A really useful post from Noel O’Blog about chemical depiction and structure diagram generation (SDG). The chemical structure of compounds in “2D diagrams” is often the most important way of communicating chemical information. There is a gradually growing realisation that diagrams need to be clear and use consistent conventions (I have been involved with IUPAC in this activity).
There are two aspects as Noel shows clearly:
- if you know what atoms are connected, and you know where to put them on the page then how do you draw the best/most_useful diagram? Among the things you are allowed to alter are:
- the font-size and color
- the width of lines,
- the color of bonds
- whether hydrogen atoms are shown or not
- how aromatic rings are drawn (double bonds or circles)
- where charges should be located
- how close bond lines should approach atoms
- what happens when lines cross
- how to depict stereochemistry
- where exactly to position double bonds (inside rings, inside and outside, mitred, etc.)
- what you must not do is alter the position of atoms.

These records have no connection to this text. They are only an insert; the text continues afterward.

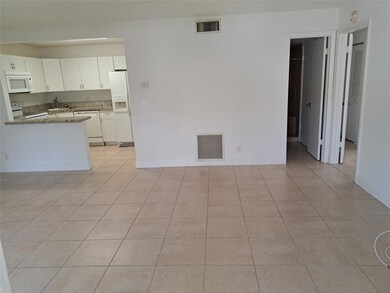 5960 Whispering Pine Way unit D-1, Greenacres, FL 33463 - photo 3
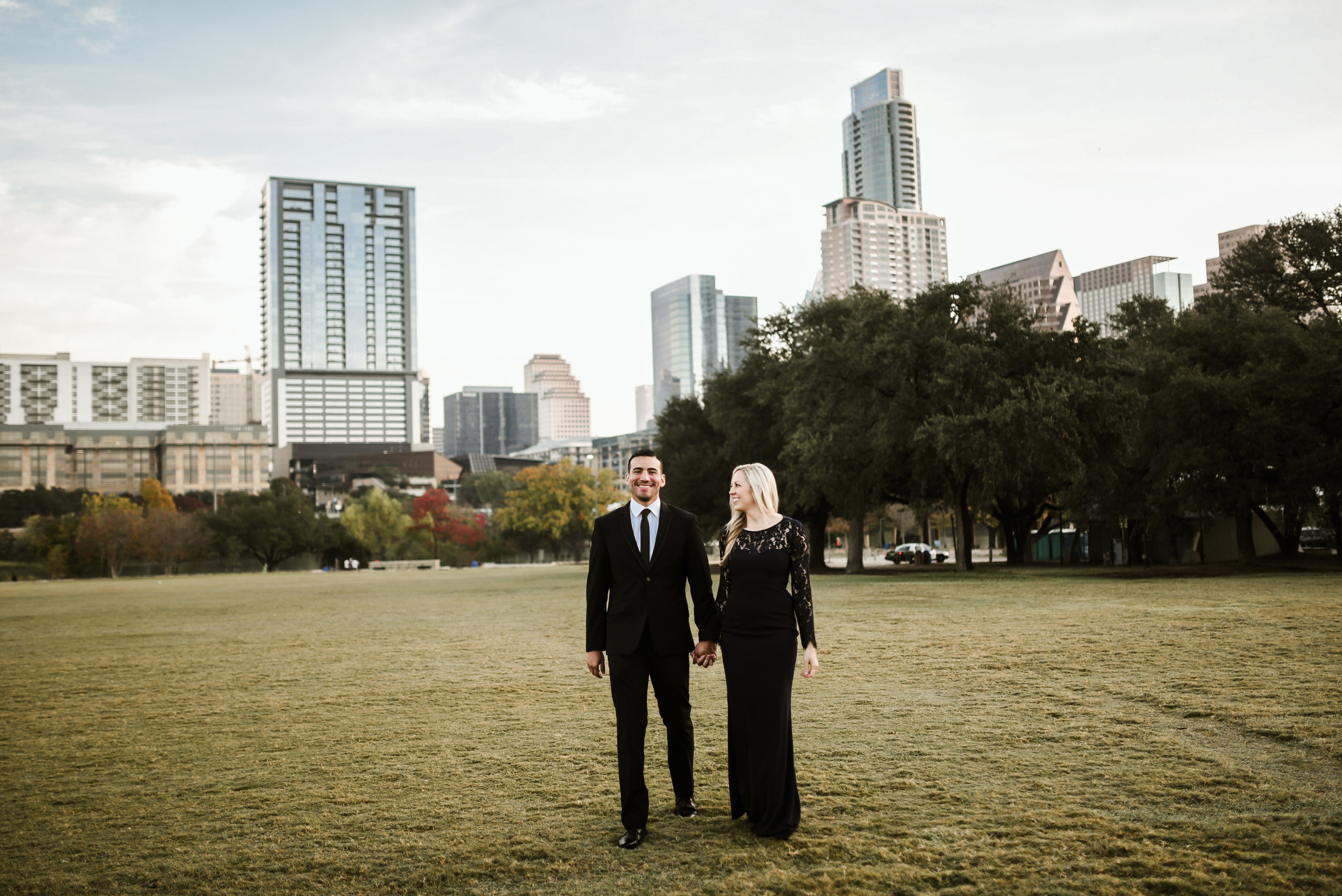 Who says black and blue don't match? When done right, it can be so glamorous! Here, Luis wears a classic black suit while Jenn dons a long navy gown.
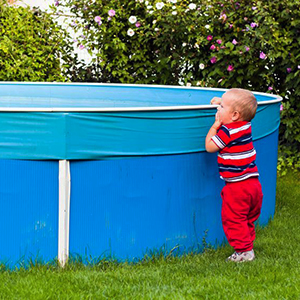 Young child at risk for falling and drowning in a backyard swimming pool.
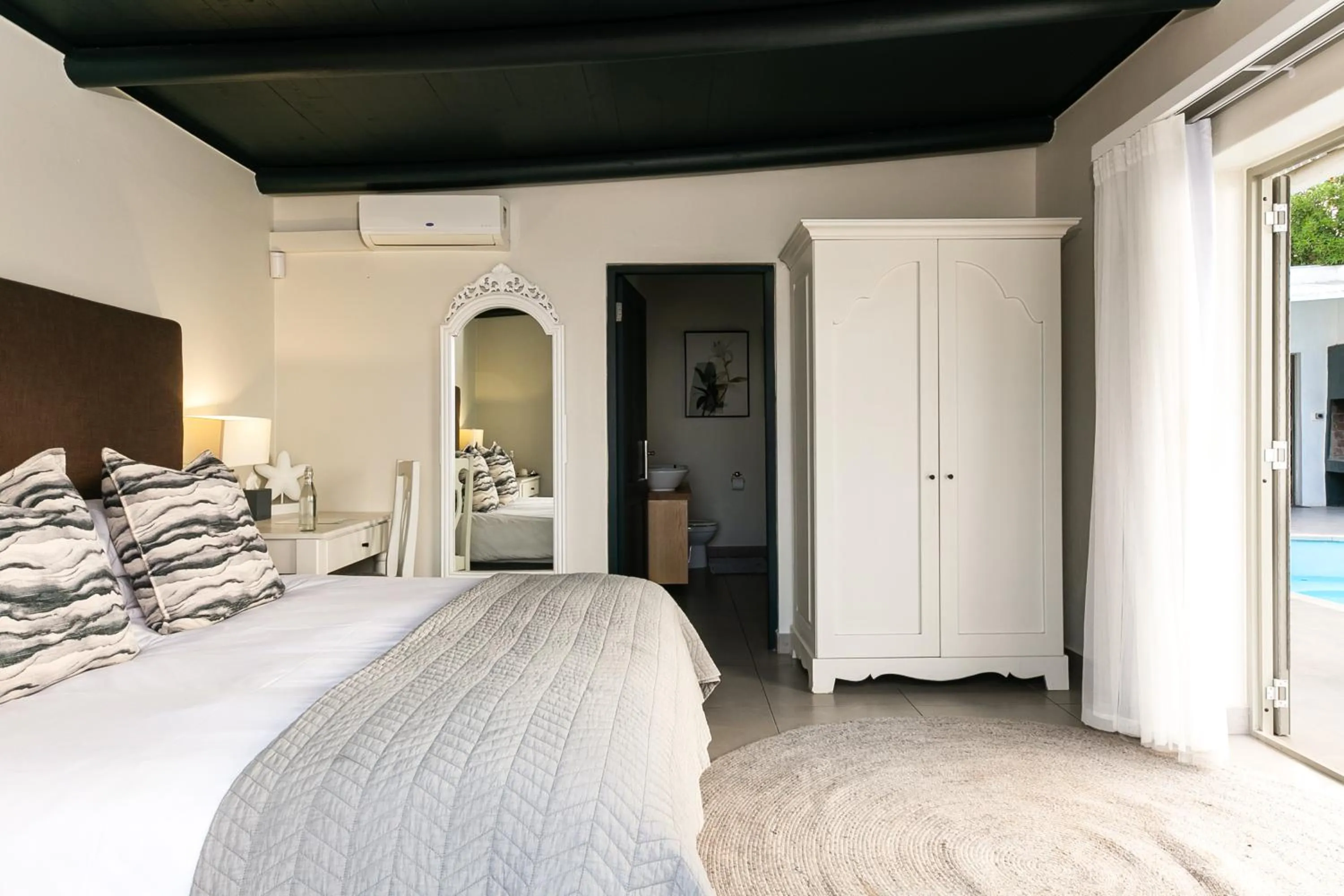 Bed in Abalone Hotel & Villas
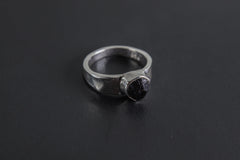 Handmade 925 sterling silver Black Tourmaline ring shown on a dark background, with raw black crystal and hammered silver band.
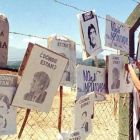 Una mujer cuelga carteles de chilenos desaparecidos en la cerca de Colonia Dignidad, que sirvió de centro de tortura de Pinochet.-REUTERS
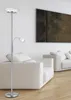 A modern living room with a floor lamp and sofas. Produktbild-Vorschau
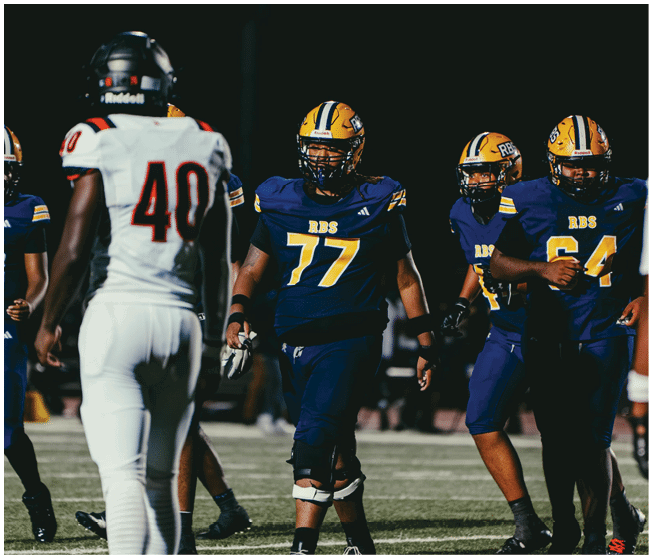 Several people wearing football uniforms are on a field, with some in dark blue and yellow jerseys and one in a white jersey. Description generated by AI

It must be clear what the compound is – correctness is more important than beauty. A major problem is when atoms are very close – it can be difficult to distinguish the atoms and often there are spurious “rings”. There is no correct answer, but it’s worth looking at some of Noel’s collection of molecules drawn by different programs. The molecules are randomly taken from Pubchem (so probably don’t exercise the inorganic features). Here’s the post:
Now for some pretty pictures as well as some not so pretty. Yes, it’s the turn of the structure diagram generators (SDGs) to strut their stuff and throw some shapes. How do they perform for 100 random compounds from PubChem?
Here are my [NO’B] results for depiction and structure diagram generation […]
(0) Rich Apodaca has written an overview of Open Source SDGs.
(1) 2D coordinate generation is independent of depiction. A SDG typically has both parts but coordinates could be generated with one toolkit and depicted with another.
(2) Looking good is not the same as chemical accuracy. But looking good is important too! 🙂
[…](5) The PubChem images appear to be generated by an OpenEye product (for sure, the coordinates are). I don’t know what version.
[…](7) It is important to consider how to handle hydrogens. With OASA, I just drew all the hydrogens. This is probably not a good idea.
(10) PubChem entries with more than 1 connected component were not included in this test. (As a result, the number of molecules shown is actually less than 100.)
So it’s not impossible but not completely trivial to depict structures. Structure Diagram Generation (where the coordinates are not given) is much harder and there is often an impossible tensions between accuracy, arbitrary convention, and aesthetics. Sometimes only a human can do it.